The recent rise of superheroes, remakes and sequels in the last 20 years is undeniable. Most people are either in two camps about this: you’re either welcoming the growing universe and changing styles of these films; or you see them as a blight on the film landscape, to be eradicated as soon as possible.
I will admit that I belong in the second camp. To me, the sooner there isn’t tentpole film after tentpole film about these vapid characters, the better. Although perhaps that is overly grumpy and cynical of me.
To understand the recent saturation of superheroes and remakes, we need take a scientific method, and look back at previous trends in cinema.
For example, during the wartimes, from about 1935-1950, most big films either addressed war-directly, often being inspirational about “our troops”, or served as escapism, often in the form of a musical. This was obviously in response to demands of the time.
After the war, we see a lot more animated films and, with growing technology in special-effects, we see the campy sci-fi and adventure films of the 1950s. With more budget after the war, film companies started making big-budget epics, like Ben-Hur, Spartacus, Cleopatra. It was these spectacles with dominated the screens of America and the UK for decades – in a way, they were the superhero/young-adult films of the olden-days.
We see much more franchise work in the 1980s, the first big one being Star Wars of course, which paved the way for every young-adult, fantasy or superhero franchise – ergo Harry Potter, Lord of the Rings, The Hunger Games.

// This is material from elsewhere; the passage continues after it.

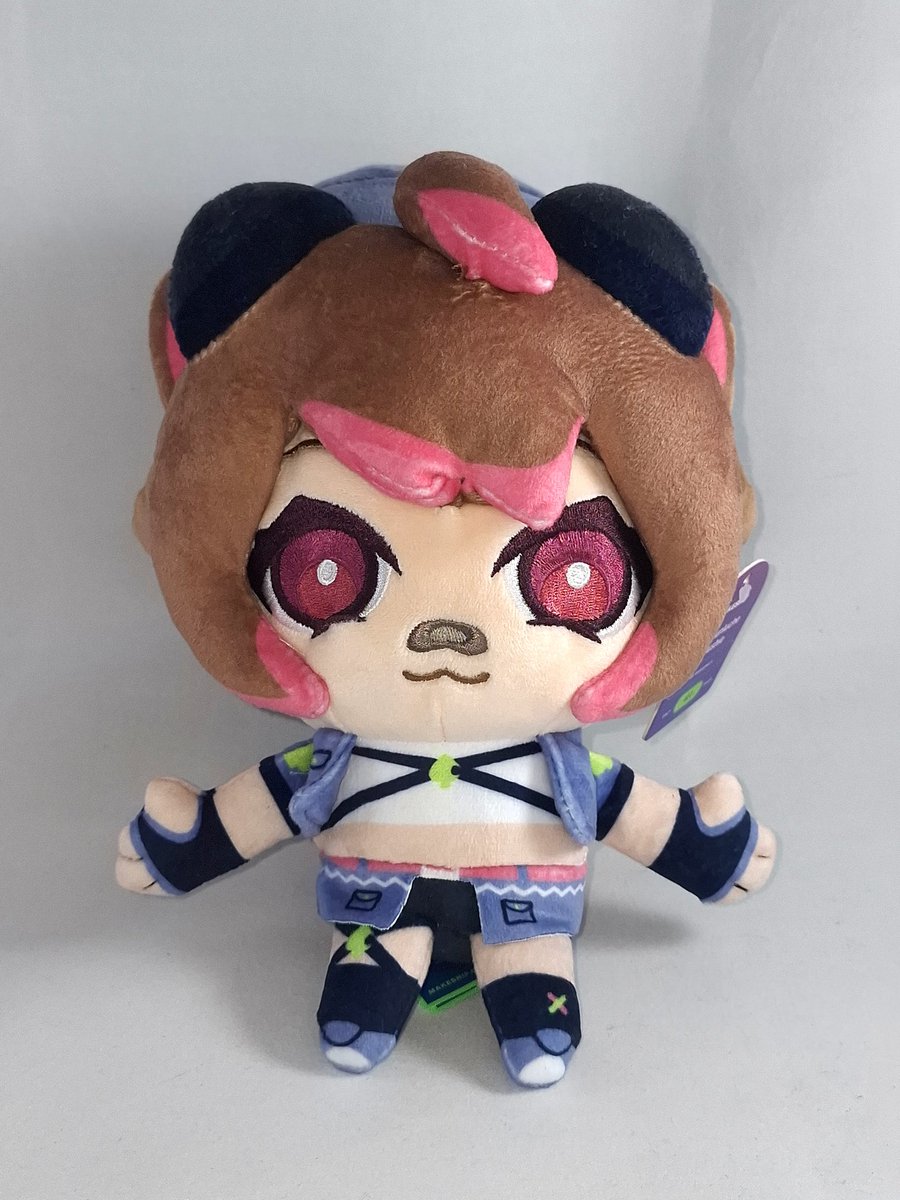 heytar0_'s tweet photo. ¡Otro compañero ha llegado a la colección! El peluche de @Raakkun está demasiado lindo 🦝✨ https://t.co/0t5f3WG0nl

Although this trend seemed to over-saturate audiences in recent years, after films in the Divergence series and Maze Runner series not capturing audiences in the way studio executives had wanted. This led studios to focus even more heavily on superhero franchises – which first truly began back in 2000 with the original X-Men.
I should clarify that I do not hate all these trends, or all the products of these trends; I love many campy 50s sci-fi films, many Greek epics, I love Harry Potter, and I even like a few superhero films. However there simply is an oversaturation at the moment.
“What will be the next big trend in blockbuster cinema?”
A question which film industry experts tirelessly puzzle themselves over, as the answer is literally worth a billion dollars. But for now, with endless Marvel and DC films lined up, there is no escaping the fact we are deep in the middle of this trend.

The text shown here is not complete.